Lemuel shook with silent laughter. “He’d be a fool not to.”
“Likely Pa’s turning in his grave,” Zadock sputtered around his pipe.
“Pa, my eye.” Cyrus snorted. “What about Mistress Westfall? In her eternity box but six months!”
With a wink, Jasper brought an end to their merriment as Ma came back into the cabin, cheeks rosy as pippin apples. If ever a woman looked like she’d been kissed . . .
Tessa began clearing the table amid the aroma of pipe smoke as plans were made for the morrow’s work. At last the cabin settled and she climbed atop her thin mattress, lying on her back and staring at the high rafters. Try as she might, she couldn’t nod off, couldn’t even keep her mind on Clay. Summer thunder growled, threatening the ongoing harvest. She preferred the gentle spring peepers and warm rain. The brittle rustle of wind in the autumn leaves. Even the perfect stillness of a winter snowfall.
Tonight all creation seemed to groan, as Scripture said. The wolves especially made a terrible night music. She listened to their howls, haunting and otherworldly. That shadowy feeling that had overtaken her earlier at the well returned. Something felt different, some strange, cold force pressing in on all sides of them.
God, help us. Spare us. Please.
23
Clay struck the soil with a shovel, driving the pointed end hard past rock and weeds to overturn one too many graves. Eight—nay, nine. He miscounted then recounted, gorge rising in his throat. Seven children, one of them but a fortnight old. Smoke from the ashes of the cabin and outbuildings writhed and purled in the night, turning everything a dull charcoal gray. That overwhelming burnt smell was one he’d never gotten used to since the firing of the Tygart homestead when he was a boy.

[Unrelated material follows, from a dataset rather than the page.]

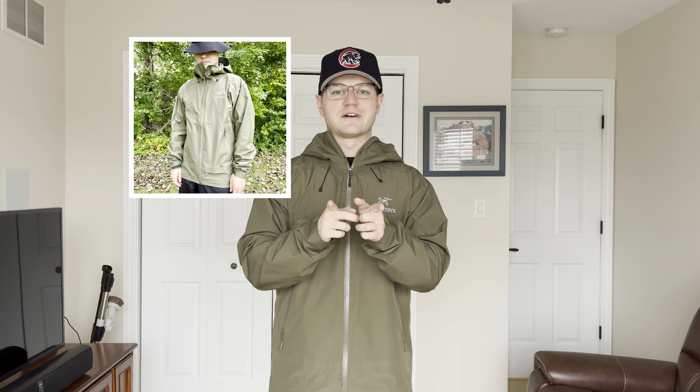Because I know we're in the spring season and in the spring it rains a lot, people are going to be looking for rain jackets. So I'm going to let you know if you should go out and drop $400 on this jacket. Before I do, please hit that like, subscribe, and feel free to follow me on Instagram down below — I posted a few fit pics of this jacket. But regardless, let's get right into the video.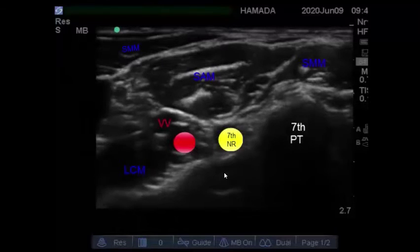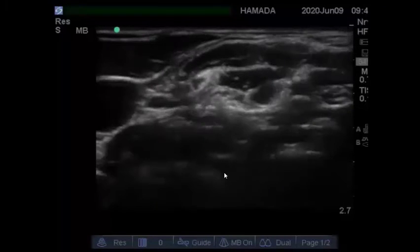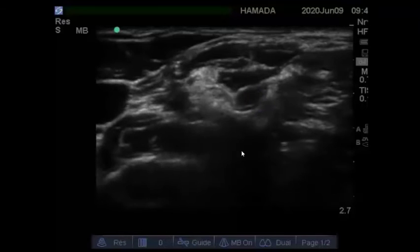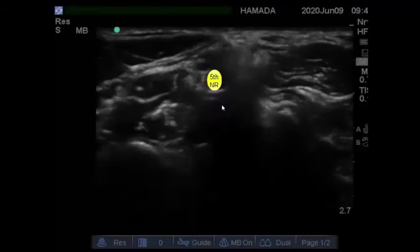Now start to move the probe, sliding it up to reach the sixth cervical level. Here we can see the posterior tubercle and a prominent anterior tubercle — this is the sixth nerve root. Sliding the probe up again, this is the fifth nerve root, and this is the anterior tubercle and this is the posterior tubercle.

It smelled of heartache and despair then and now.
He tried not to look at the still, lifeless faces or the stricken men who’d helped with the Swans’ harvest and come here. Other neighbors gathered, Jasper and Cyrus included, each overcome with varying emotions, namely outrage. It hung as thick as the smoke in the air. Silent to a man, they wrapped the bodies in quilts and sheets, burying the baby with his mother.
By the fifth grave, someone brought Clay a drink from a flask. He tasted blackberry juice. Vinegar. Sugar. It steadied him, eased his protesting arms and shoulders. At last he threw down the shovel and removed his hat, angling it over his sore heart, his mind empty. Around him stood a knot of somber men, rightly fretful about their own unguarded homeplaces, their heads bowed while others stood open-eyed, rifles ready.
He had no idea what he prayed, only that he said the words with urgency, aware these men needed to be on their way to bring their own families to the fort. He’d sent fort spies on a dangerous chase to relay the woeful news to other outlying settlers and stations.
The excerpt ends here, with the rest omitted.